# Recorded information
┌────────
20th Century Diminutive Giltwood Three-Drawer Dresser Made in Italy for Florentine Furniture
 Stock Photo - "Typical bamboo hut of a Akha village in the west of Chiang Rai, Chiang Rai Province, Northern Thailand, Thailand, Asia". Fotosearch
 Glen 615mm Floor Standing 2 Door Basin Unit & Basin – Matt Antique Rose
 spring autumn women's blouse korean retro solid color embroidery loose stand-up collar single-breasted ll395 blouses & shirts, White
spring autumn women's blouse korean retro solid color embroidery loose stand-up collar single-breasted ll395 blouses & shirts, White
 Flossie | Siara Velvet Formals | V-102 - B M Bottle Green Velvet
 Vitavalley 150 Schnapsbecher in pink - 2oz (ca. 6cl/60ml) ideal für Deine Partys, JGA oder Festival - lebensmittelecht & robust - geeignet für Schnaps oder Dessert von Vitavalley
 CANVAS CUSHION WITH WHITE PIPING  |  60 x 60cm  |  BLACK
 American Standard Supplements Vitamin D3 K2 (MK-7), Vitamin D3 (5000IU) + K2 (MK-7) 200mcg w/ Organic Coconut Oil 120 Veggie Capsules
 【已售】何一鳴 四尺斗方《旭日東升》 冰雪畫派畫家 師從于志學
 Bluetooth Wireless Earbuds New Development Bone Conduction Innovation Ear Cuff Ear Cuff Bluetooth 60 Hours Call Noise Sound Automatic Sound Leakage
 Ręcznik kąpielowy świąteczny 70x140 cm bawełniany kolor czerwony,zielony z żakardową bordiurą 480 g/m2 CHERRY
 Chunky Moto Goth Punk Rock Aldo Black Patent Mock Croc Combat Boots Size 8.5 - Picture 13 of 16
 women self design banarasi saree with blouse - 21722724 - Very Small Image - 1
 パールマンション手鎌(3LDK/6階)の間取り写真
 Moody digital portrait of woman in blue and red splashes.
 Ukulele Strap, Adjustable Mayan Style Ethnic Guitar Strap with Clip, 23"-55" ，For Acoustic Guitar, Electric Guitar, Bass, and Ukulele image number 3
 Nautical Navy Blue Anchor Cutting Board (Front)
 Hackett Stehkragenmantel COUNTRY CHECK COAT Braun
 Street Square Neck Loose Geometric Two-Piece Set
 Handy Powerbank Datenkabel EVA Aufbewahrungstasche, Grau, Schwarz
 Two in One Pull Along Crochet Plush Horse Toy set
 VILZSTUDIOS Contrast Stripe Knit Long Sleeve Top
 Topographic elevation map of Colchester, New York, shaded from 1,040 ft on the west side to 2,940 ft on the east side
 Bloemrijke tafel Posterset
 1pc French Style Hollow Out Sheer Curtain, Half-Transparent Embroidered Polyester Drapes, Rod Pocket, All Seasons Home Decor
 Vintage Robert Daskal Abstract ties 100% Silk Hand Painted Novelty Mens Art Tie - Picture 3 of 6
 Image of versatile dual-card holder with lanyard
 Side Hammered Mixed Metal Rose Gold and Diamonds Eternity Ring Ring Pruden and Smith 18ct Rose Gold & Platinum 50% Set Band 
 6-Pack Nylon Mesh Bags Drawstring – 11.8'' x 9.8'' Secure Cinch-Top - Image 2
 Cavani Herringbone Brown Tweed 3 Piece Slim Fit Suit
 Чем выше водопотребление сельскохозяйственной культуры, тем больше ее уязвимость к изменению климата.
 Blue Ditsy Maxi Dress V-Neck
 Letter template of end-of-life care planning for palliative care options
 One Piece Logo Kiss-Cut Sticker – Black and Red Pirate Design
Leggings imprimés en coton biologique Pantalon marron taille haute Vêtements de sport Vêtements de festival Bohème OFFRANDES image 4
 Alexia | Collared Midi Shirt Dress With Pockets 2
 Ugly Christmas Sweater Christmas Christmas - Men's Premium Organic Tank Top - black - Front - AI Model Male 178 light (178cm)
└────────
# Prompt
In your answer, include only the lines above starting at the line that holds "American Standard Supplements" and ending at the line that holds "Hackett Stehkragenmantel COUNTRY", copied exactly.

# Solution for this task
 American Standard Supplements Vitamin D3 K2 (MK-7), Vitamin D3 (5000IU) + K2 (MK-7) 200mcg w/ Organic Coconut Oil 120 Veggie Capsules
 【已售】何一鳴 四尺斗方《旭日東升》 冰雪畫派畫家 師從于志學
 Bluetooth Wireless Earbuds New Development Bone Conduction Innovation Ear Cuff Ear Cuff Bluetooth 60 Hours Call Noise Sound Automatic Sound Leakage
 Ręcznik kąpielowy świąteczny 70x140 cm bawełniany kolor czerwony,zielony z żakardową bordiurą 480 g/m2 CHERRY
 Chunky Moto Goth Punk Rock Aldo Black Patent Mock Croc Combat Boots Size 8.5 - Picture 13 of 16
 women self design banarasi saree with blouse - 21722724 - Very Small Image - 1
 パールマンション手鎌(3LDK/6階)の間取り写真
 Moody digital portrait of woman in blue and red splashes.
 Ukulele Strap, Adjustable Mayan Style Ethnic Guitar Strap with Clip, 23"-55" ，For Acoustic Guitar, Electric Guitar, Bass, and Ukulele image number 3
 Nautical Navy Blue Anchor Cutting Board (Front)
 Hackett Stehkragenmantel COUNTRY CHECK COAT Braun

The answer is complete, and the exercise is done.